MATERIAL PROVIDED>

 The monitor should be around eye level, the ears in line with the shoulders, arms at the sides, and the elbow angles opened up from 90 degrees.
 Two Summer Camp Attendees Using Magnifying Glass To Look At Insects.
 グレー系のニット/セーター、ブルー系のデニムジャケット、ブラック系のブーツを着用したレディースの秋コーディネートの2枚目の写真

---

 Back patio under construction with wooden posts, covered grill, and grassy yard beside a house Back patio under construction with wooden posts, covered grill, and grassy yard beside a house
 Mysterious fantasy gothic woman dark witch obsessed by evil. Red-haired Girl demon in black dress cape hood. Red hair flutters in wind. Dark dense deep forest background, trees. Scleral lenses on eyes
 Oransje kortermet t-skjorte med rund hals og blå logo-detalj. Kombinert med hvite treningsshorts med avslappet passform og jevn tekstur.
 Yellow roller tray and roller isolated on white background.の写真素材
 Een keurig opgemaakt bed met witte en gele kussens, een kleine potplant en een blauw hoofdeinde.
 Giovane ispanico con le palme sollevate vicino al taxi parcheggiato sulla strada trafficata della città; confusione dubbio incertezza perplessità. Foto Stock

DIRECTIONS>
Could you set down, word for word, only the lines above from the line with "Een keurig opgemaakt" to the line with "Giovane ispanico con", including both?

RESULT BELOW>
 Een keurig opgemaakt bed met witte en gele kussens, een kleine potplant en een blauw hoofdeinde.
 Giovane ispanico con le palme sollevate vicino al taxi parcheggiato sulla strada trafficata della città; confusione dubbio incertezza perplessità. Foto Stock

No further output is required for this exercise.